Mr. Knightley, in fact, was one of the few people who could see faults in Emma Woodhouse, and the only one who ever told her of them: and though this was not particularly agreeable to Emma herself, she knew it would be much less so to her father, that she would not have him really suspect such a circumstance as her not being thought perfect by every body. (5-6)
A less forgiving affection like Knightley's is preferable, in the long run, even to Miss Taylor's affection. It constitutes the "intelligent love" which critics from Simpson to Trilling have recognized as an Austenian ideal. Knightley, above, is interested in the truth; Emma, in disguising the truth from her father. Vain concern for her own reputation-even in a society of three-masks itself as concern for his comfort. She sees her father much as Austen sees Miss Taylor, and as Murdoch sees M: as someone whose love blinds him to the truth about his beloved. Only in the light of egocentric motives could such blindness appear as a desirable quality. Knightley's integrity, in contrast to such blindness, puts him in a position for moral activity, or struggle: how can he reconcile his love of Emma with his perception of her shortcomings? From such a tension the moral life is born.
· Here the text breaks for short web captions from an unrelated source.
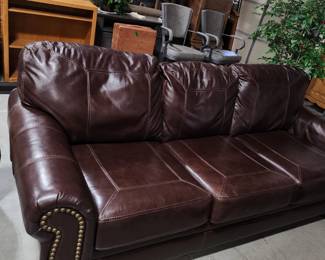 Leather Sofa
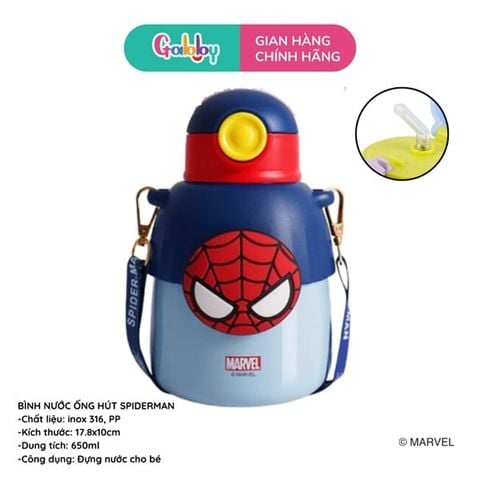 Bình Giữ Nhiệt Dây Đeo Disney 650ML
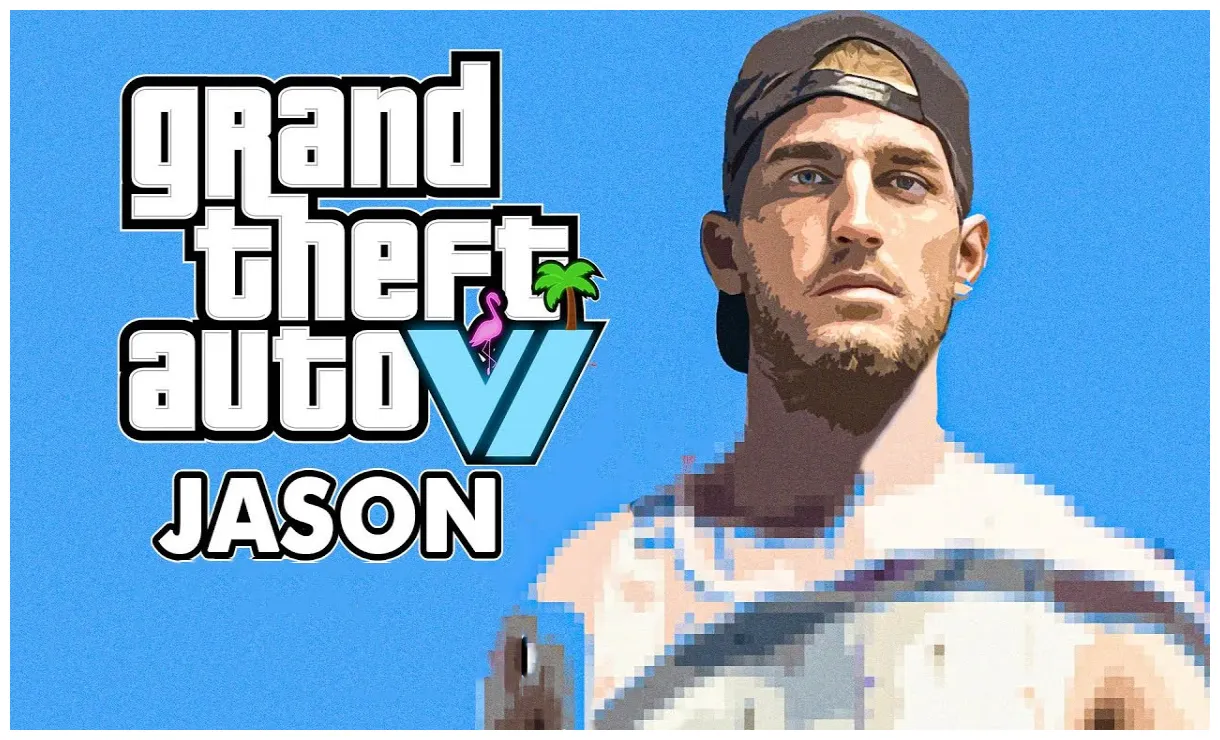 بازیگر جیسون در تصویری با تم وایس سیتی منتشر کرد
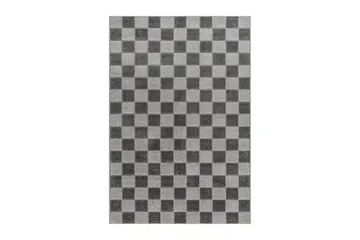 Wiltontæppe tæppe Hawaii Chess 240x340 cm, Grafit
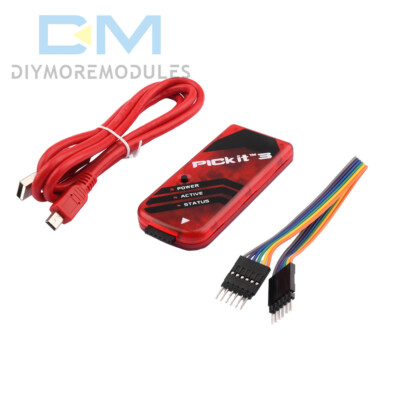 PICkit3 Microchip Original MPLAB /PICkit 3 PIC In-Circuit Debugger Programmer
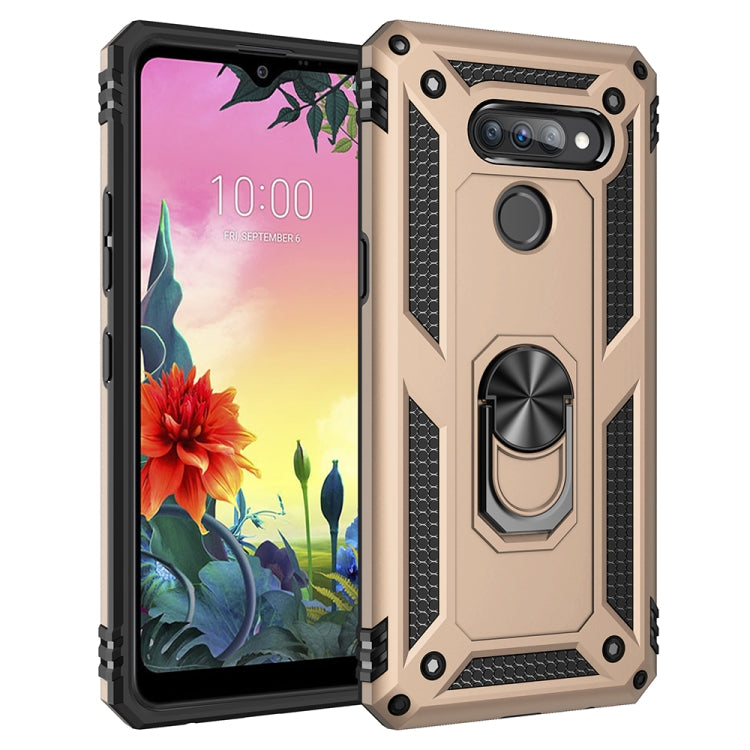 Shockproof TPU + PC Protective Case with 360 Degree Rotating Holder, For iPhone SE 2022 / SE 2020, For Galaxy A21, For Galaxy A11 EU, For Motorola Moto G Stylus, For LG K50S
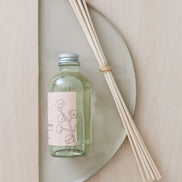 By Caley Joy Ruffled Linen | Reed Diffuser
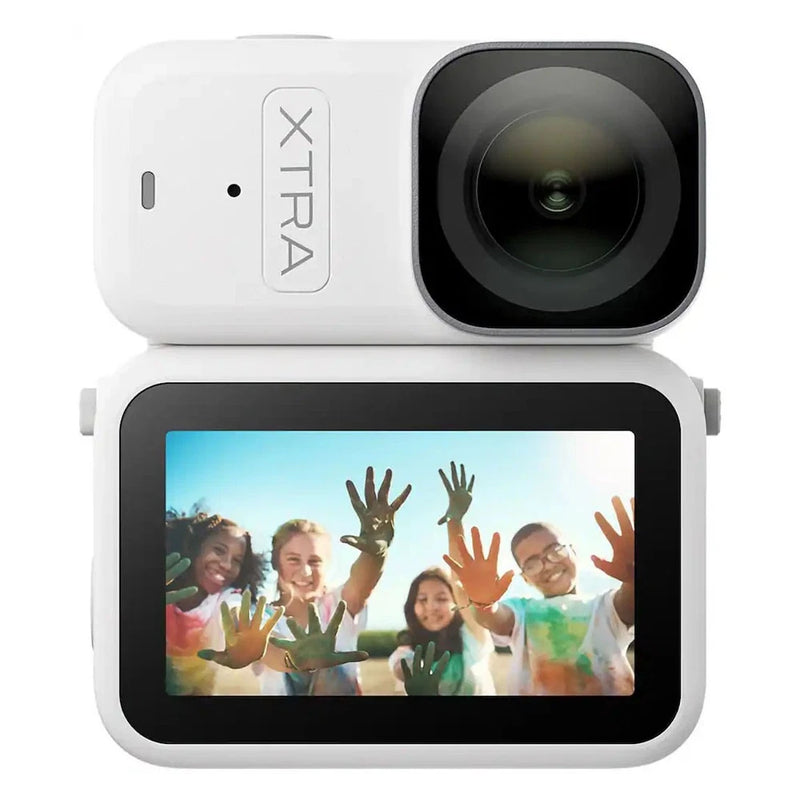 Xtra Atto Wearable 4K Action Camera (128GB) 1/1.3?? Sensor,4K/60fps Video,220?Min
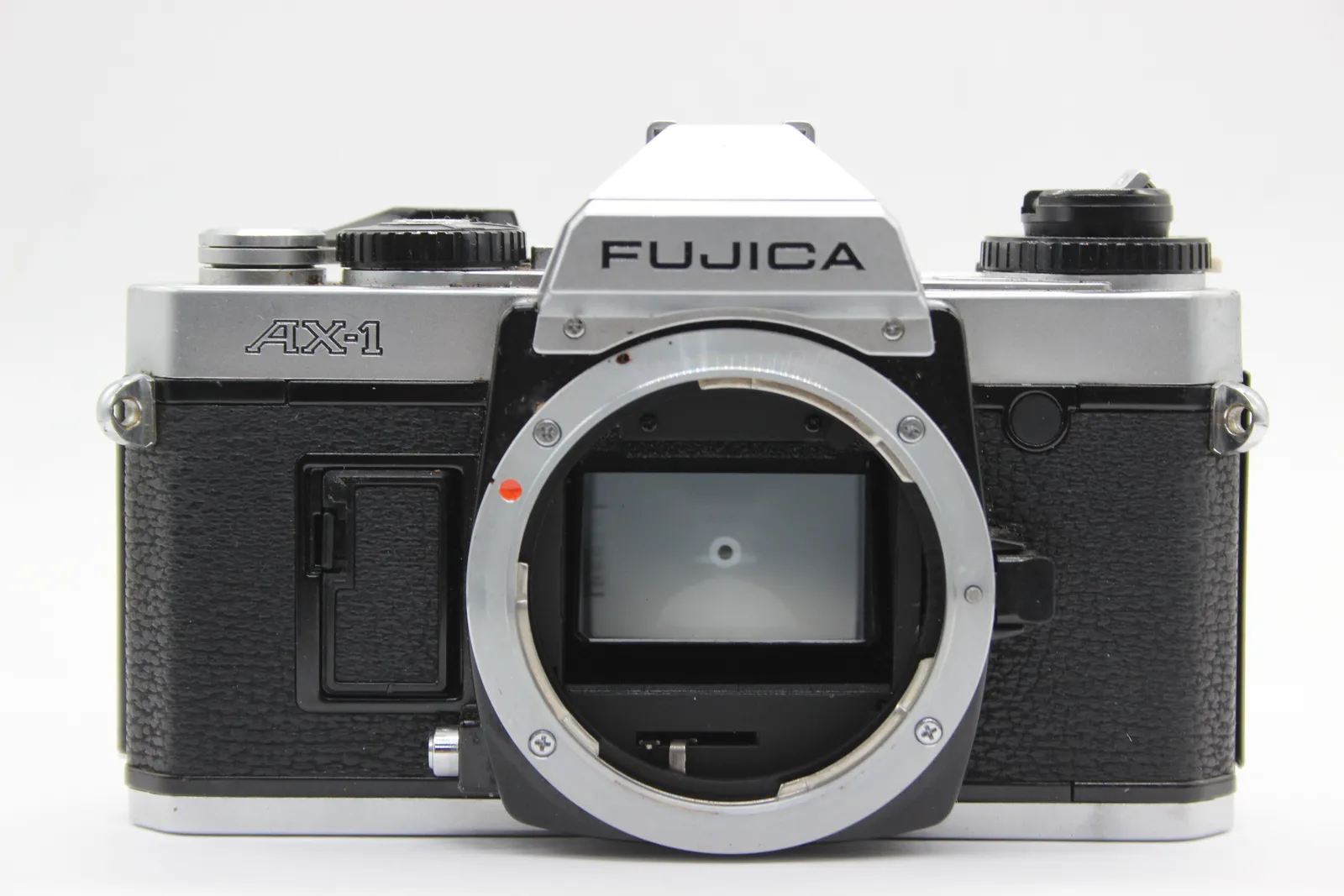 返品保証】 富士フィルム Fujifilm AX-1 / EBC X-Fujinon 55mm F1.6 DM 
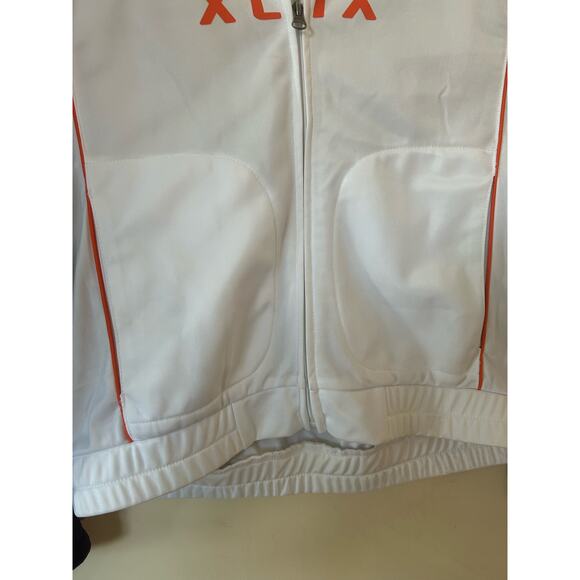 Super Bowl XLIX 49 2015 Jacket Patriots Brady Women’s Small White Colorful - Picture 4 of 6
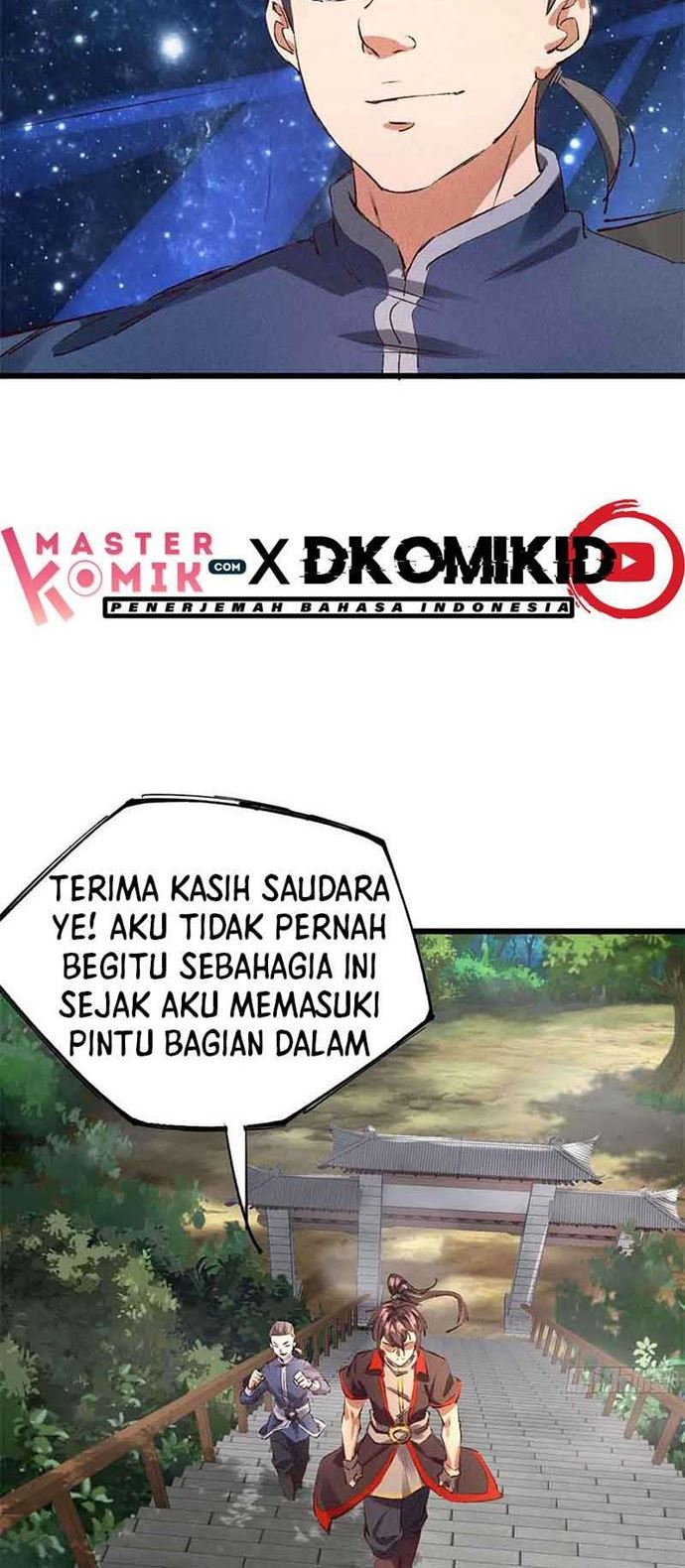 I am a God Alone Chapter 33 Gambar 10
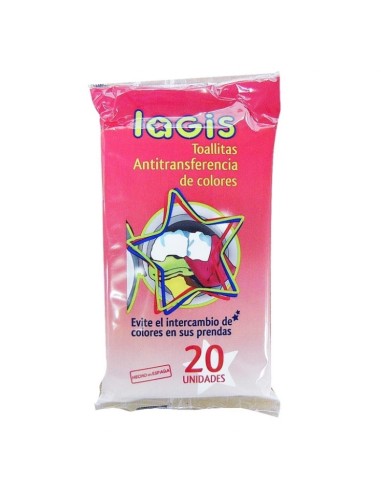 LAGIS TOALLITAS PROTECT COLOR 20U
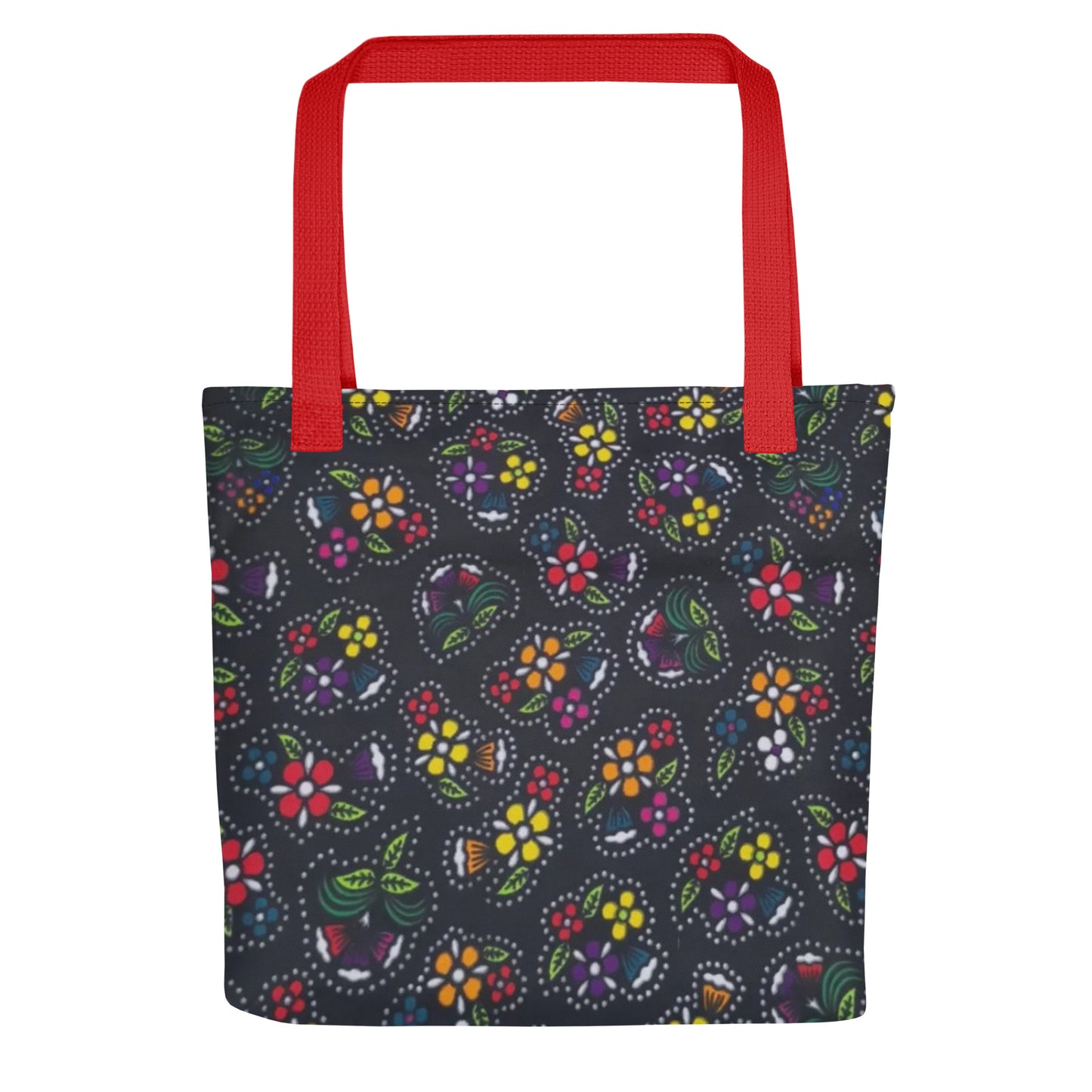 Multicolour Dark Tote Bag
Austen's novels look forward to Murdoch's christian atheism (with a self-consciously lowercase "c"), just as Murdoch's essays look admiringly back to Austen's milieu, which privileged reflection, and encouraged moralizing of a supple kind. The suppleness grows from an honest and thoroughgoing exploration of human psychology. Ambivalence, partial knowledge, confused sexual longing, egocentrism: these are the given materials with which we have to work. Love, justice, truthfulness-or, in the classical, Dr. Johnsonian vein, good sense, courage, fortitude-these are the ideals toward which to strive. Total success is impossible. But in the attempt nothing less than nobility is gained.